• [WORK TASK] Repeat each line of the data below exactly, but skip the pictures.

• [SUPPLIED ENTRIES]

────────────────────

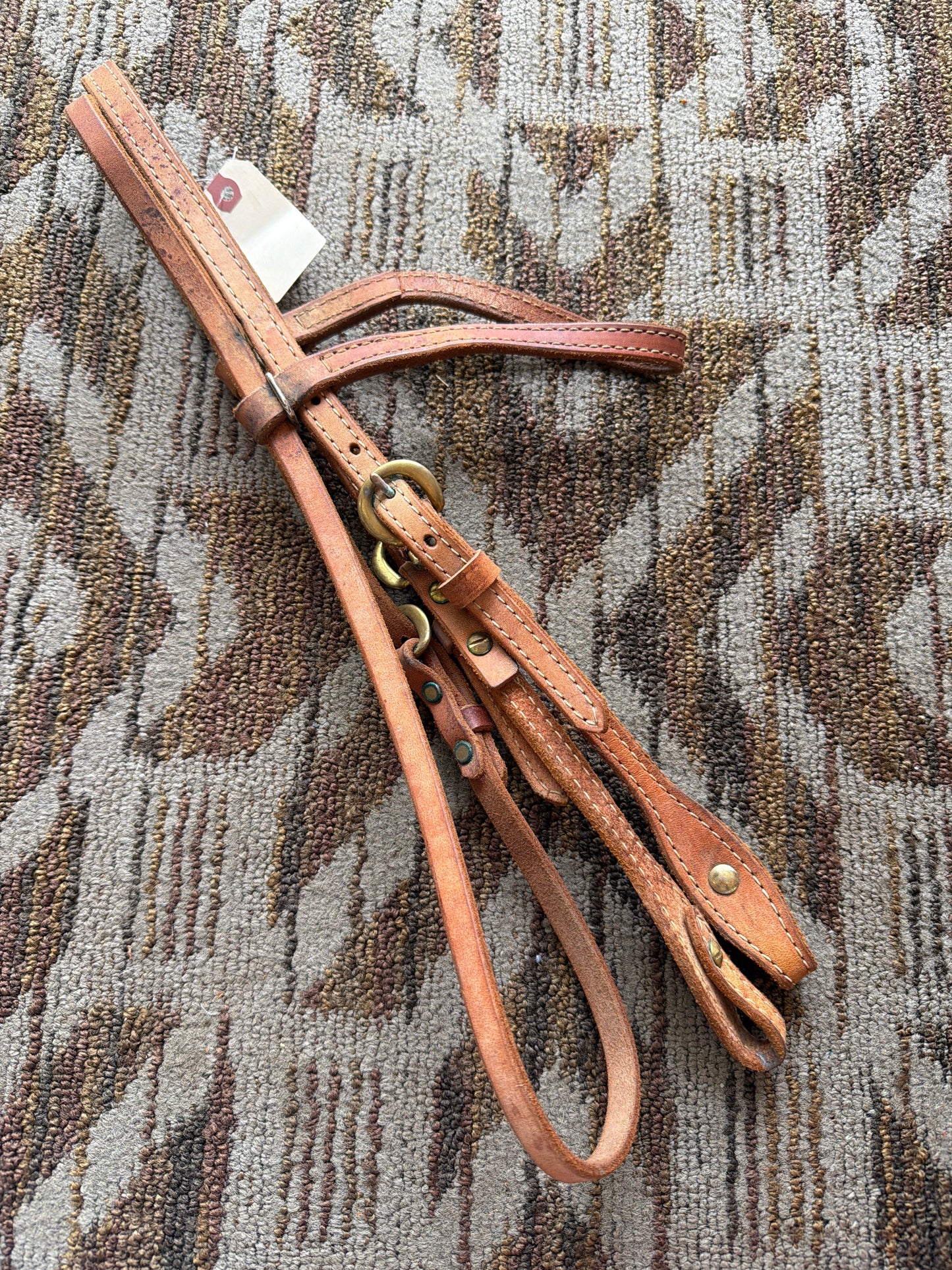 Light Oil Leather Headstall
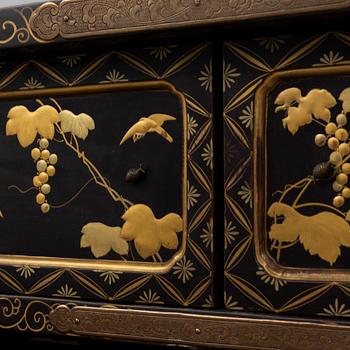 A Japanese lacquer work cabinet, early 20th Century.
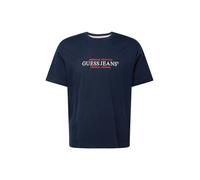 GUESS JEANS Camiseta azul oscuro / rojo / blanco L EUR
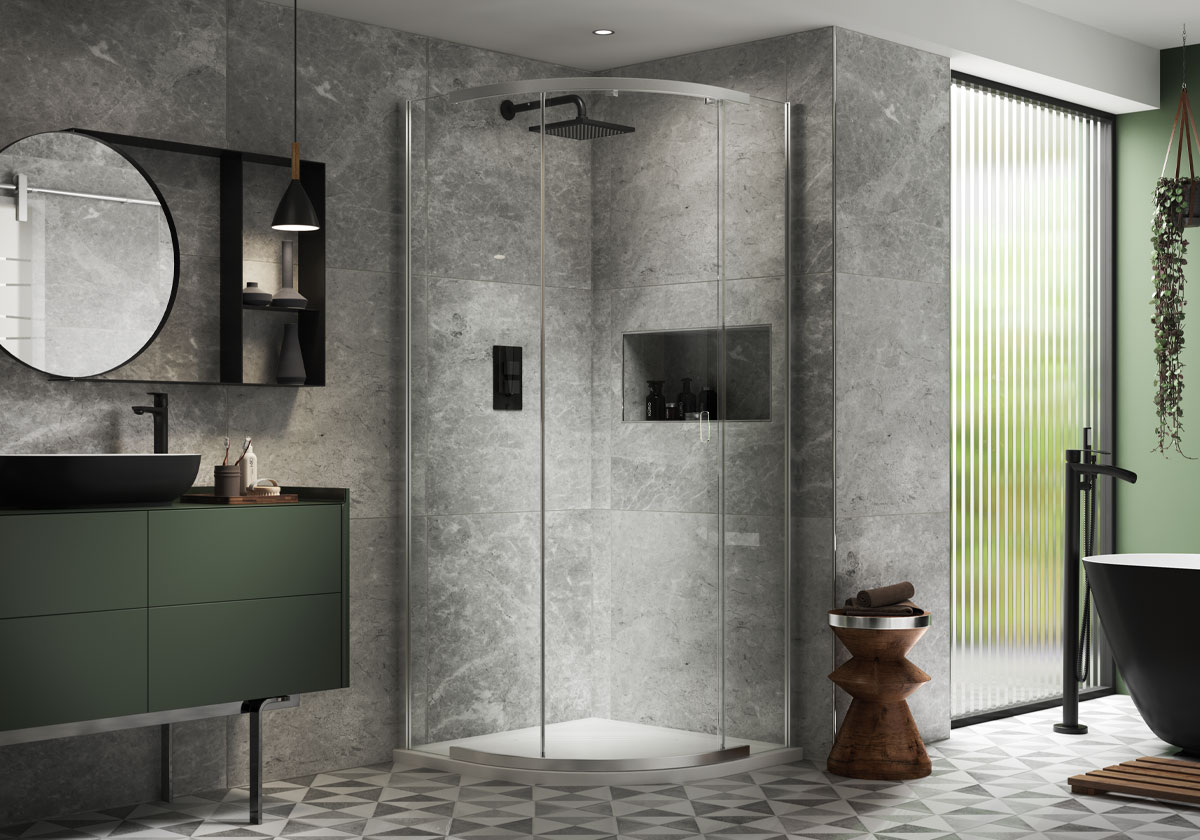 Kudos Pinnacle8 Quadrant Shower Enclosure – Chrome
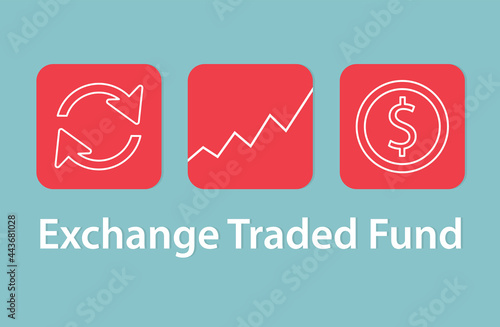 ETF Exchange-traded fund concept- vector illustration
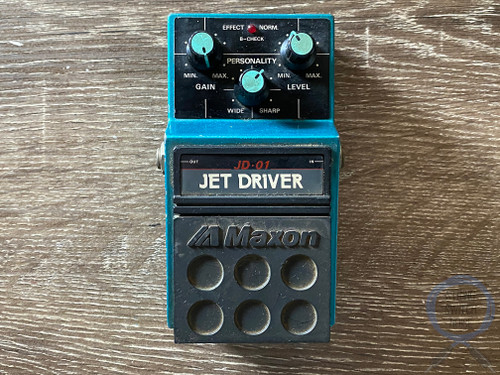 Maxon JD-01, Jet Driver Overdrive, MIJ, 1980s, Vintage Guitar Effect Pedal 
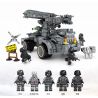 SEMBO 107065 non  THIẾT BỊ PHÒNG THỦ TÊN LỬA bộ đồ chơi xếp lắp ráp ghép mô hình Shanghai Fortress Pháo Đài Thượng Hải 1112 khối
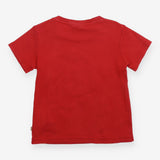T-Shirt Short Sleeve Red with Rainbow Hermit Crab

────────────────────

• [RESPONSE TO THE EXERCISE]
 Light Oil Leather Headstall
 A Japanese lacquer work cabinet, early 20th Century.
 GUESS JEANS Camiseta azul oscuro / rojo / blanco L EUR
 Kudos Pinnacle8 Quadrant Shower Enclosure – Chrome
 ETF Exchange-traded fund concept- vector illustration
 Maxon JD-01, Jet Driver Overdrive, MIJ, 1980s, Vintage Guitar Effect Pedal 
 SEMBO 107065 non  THIẾT BỊ PHÒNG THỦ TÊN LỬA bộ đồ chơi xếp lắp ráp ghép mô hình Shanghai Fortress Pháo Đài Thượng Hải 1112 khối
T-Shirt Short Sleeve Red with Rainbow Hermit Crab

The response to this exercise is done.